Standard error with maximum likelihood estimation ASTM E2238 describes the prediction of the largest inclusion in a polished steel surface of 150,000 mm² based on a Gumbel distribution of the largest inclusions measured in each of 24 polished microsections (150 mm² each). The location and scale parameters $\lambda$ and $\delta$ of the distribution are determined using the maximum likelihood method. Then, section 6.9.5 of the standard states:

The standard error, SE, for any inclusion of length $x$ based upon the
ML method is
$SE(x)=\delta_{ML}\cdot \sqrt{(1.109 + 0.514\cdot y+0.608\cdot y^{2})/n}$

where $y = (x-\lambda )/ \delta$ and $n$ is the number of measurements (24 in this standard).
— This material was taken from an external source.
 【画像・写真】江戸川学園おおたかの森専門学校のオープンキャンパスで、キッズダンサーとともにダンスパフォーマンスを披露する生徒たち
(I can't upload the complete ASTM standard for copyright reasons, but there are a number of openly accessible sources that use this method, e.g. here, p. 22 here or eq. (6) here. They all use, without further comment, this formula).
My question is, where do these coefficients $1.109$, $0.514$ and $0.608$ come from?
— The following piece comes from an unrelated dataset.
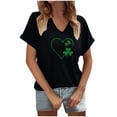 thumbnail image 2 of Soki Hauts Décontractés à Manches Courtes et Col en V Imprimés pour la Saint-Patrick pour Femmes en Liquidation, 2 of 4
It seems to me that the answer should be obvious to the professional as everyone uses that formula and no-one wonders about its orgin, so I'd like apologize in advance if this is a dumb question but I'm not a statistician. A reference to any textbook or other source would be highly welcomed.
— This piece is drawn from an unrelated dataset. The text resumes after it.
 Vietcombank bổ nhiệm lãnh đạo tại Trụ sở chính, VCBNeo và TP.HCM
Additional information as requested in comment: The SE formula applies to all values (including the largest value determined by the procedure) and is used to draw the confidence bands $95\%CI=\pm 2\cdot SE(x)$ as in fig 1. Yes, the cdf used is $F(x) = e^{-e^{-(x-\lambda)/\delta}}$. The largest inclusion is calculated for a return period of $T = 1000$ (i.e. $A_{ref}=1000 A_{0}$ where $A_{0}=150 mm^{2}$) by $-\delta_{ML}\cdot ln(-ln((T-1)/T))+\lambda_{ML}$.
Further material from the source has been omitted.